Rising rents, relatively affordable home prices and low-interest rates continue to contribute to a brisk Twin Cities housing market.

New listings for houses in September rose 19.3 percent to 6,372, marking the sixth consecutive year-over-year increase in monthly seller activity, the Minneapolis Area Association of Realtors (MAAR) reported Thursday. Buyers closed on 4,667 homes, up 14.5 percent over September 2012.

But there are signs that activity may slow a bit after a frenzied spring, as buyers and sellers approach inevitable mitten weather, and as the inventory of houses continues to be constrained.

"People don't want to move in wintertime, and certainly not during the holidays," said Herb Tousley, director of the Shenehon Center for Real Estate at the University of St. Thomas.

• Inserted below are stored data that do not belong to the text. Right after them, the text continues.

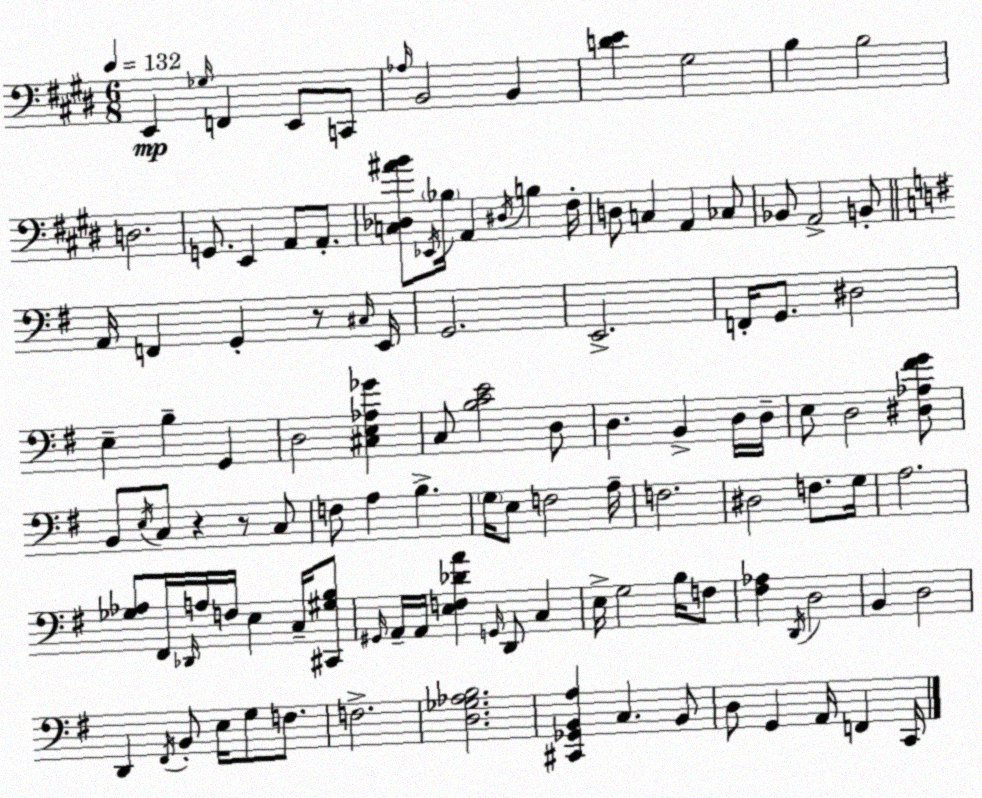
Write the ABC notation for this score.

X:1
T:Untitled
M:6/8
L:1/4
K:E
E,, _G,/4 F,, E,,/2 C,,/2 _A,/4 B,,2 B,, [DE] ^G,2 B, B,2 D,2 G,,/2 E,, A,,/2 A,,/2 [C,_D,^AB]/2 _E,,/4 _B,/4 A,, ^D,/4 B, ^F,/4 D,/2 C, A,, _C,/2 _B,,/2 A,,2 B,,/2 A,,/4 F,, G,, z/2 ^C,/4 E,,/4 G,,2 E,,2 F,,/4 G,,/2 ^D,2 E, B, G,, D,2 [^C,E,_A,_G] C,/2 [B,CE]2 D,/2 D, B,, D,/4 D,/4 E,/2 D,2 [^D,_A,^FG]/2 B,,/2 E,/4 C,/2 z z/2 C,/2 F,/2 A, B, G,/4 E,/2 F,2 A,/4 F,2 ^D,2 F,/2 G,/4 A,2 [_G,_A,]/2 ^F,,/4 _D,,/4 A,/4 F,/4 E, C,/4 [^C,,^G,B,]/2 ^G,,/4 A,,/4 A,,/4 [E,F,_DA] G,,/4 D,,/2 C, E,/4 G,2 B,/4 F,/2 [^F,_A,] D,,/4 D,2 B,, D,2 D,, ^F,,/4 B,,/2 E,/4 G,/2 F,/2 F,2 [D,_G,_A,B,]2 [^C,,_G,,B,,A,] C, B,,/2 D,/2 G,, A,,/4 F,, C,,/4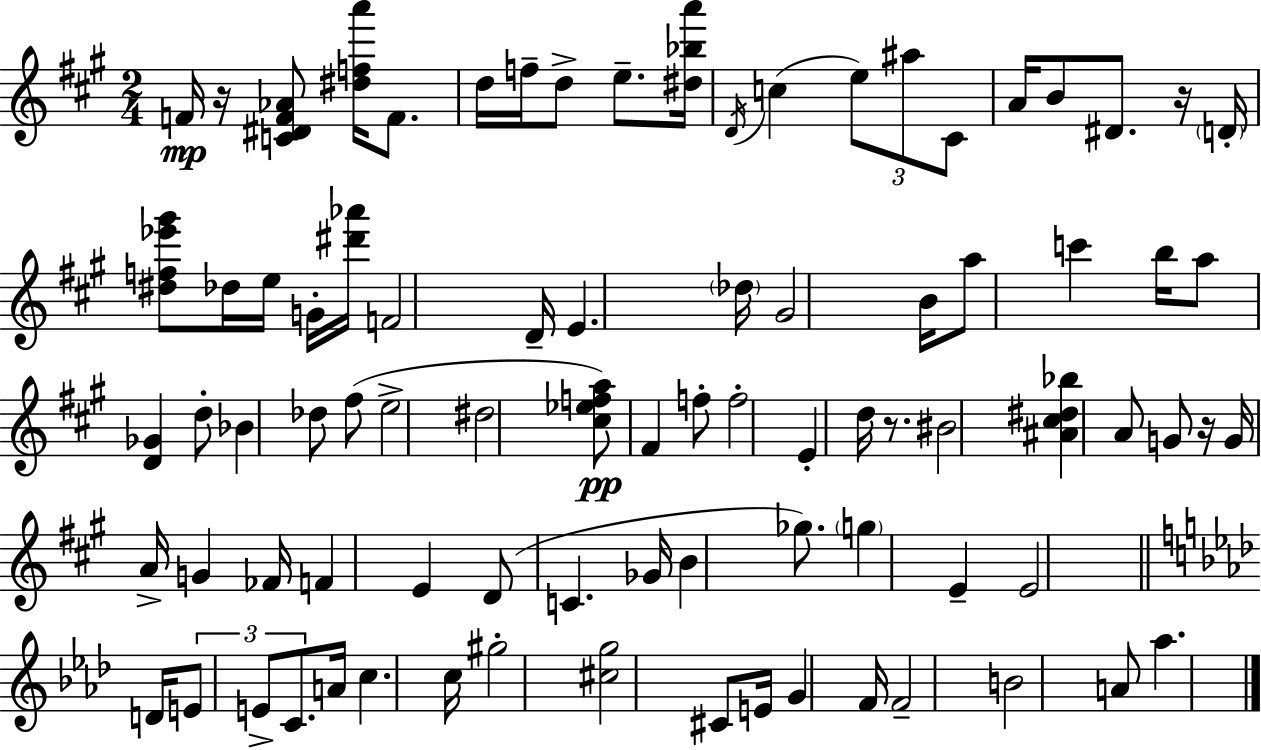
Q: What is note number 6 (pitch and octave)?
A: E5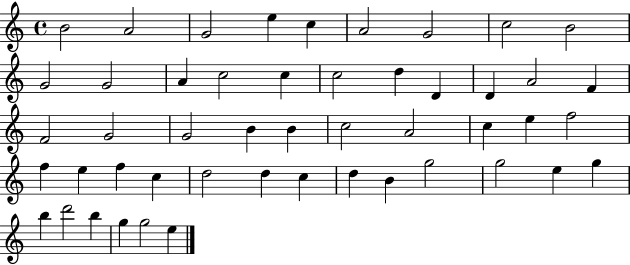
X:1
T:Untitled
M:4/4
L:1/4
K:C
B2 A2 G2 e c A2 G2 c2 B2 G2 G2 A c2 c c2 d D D A2 F F2 G2 G2 B B c2 A2 c e f2 f e f c d2 d c d B g2 g2 e g b d'2 b g g2 e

The median sales price for a home increased by 11.7 percent in September to $195,000 compared with the same period last year. But that figure dropped from $207,724 in August, which had declined from July.

"These numbers show the market is heading back toward a more-balanced market, which isn't a bad thing, since the market was so fierce in the spring," said Joe Welu, a Chanhassen-based agent with Re/Max Advantage Plus who specializes in the hot southwest Twin Cities market.

Likewise, the number of distressed properties on the market has continued to decline. In September 2012, the number of foreclosures and short sales comprised 46.1 percent of all closed sales — compared with only 21.9 percent of sales last September.

In addition, while closed sales were up 14.5 percent overall, traditional buyer activity increased 37.3 percent. Foreclosure and short sales were down 27.3 percent and 30 percent, respectively.

"With price gains continuing and multiple-offer situations still common, market recovery and stability has been the order of the day," said Emily Green, MAAR's president-elect. "Activity should begin its season slowdown, but we expect year-over-year activity to remain positive."

On average, homes are selling in 71 days, a figure that hasn't been so low for about six years.

Tousley said inner-ring suburbs and urban neighborhoods "close to the core," such as Highland Park in St. Paul, still are hot tickets in residential real estate. But in outer-ring suburbs, sellers may find it a bit harder to find a good match.

Jim and Ann Meyer put their "Brady Bunch" four-bedroom home in Farmington on the market in August, and it remains there, now at $219,000. The couple updated the 1970s-era home before ­listing it, rehabbing the kitchen and bathrooms. They hope to move to Minneapolis, closer to family, once selling the home.

"We are at the very south border of Farmington, it's quiet and next to a nature preserve," Jim Meyer said. "We're near the beauty of southern Minnesota, but close to the Cities. We think it's a great place to live."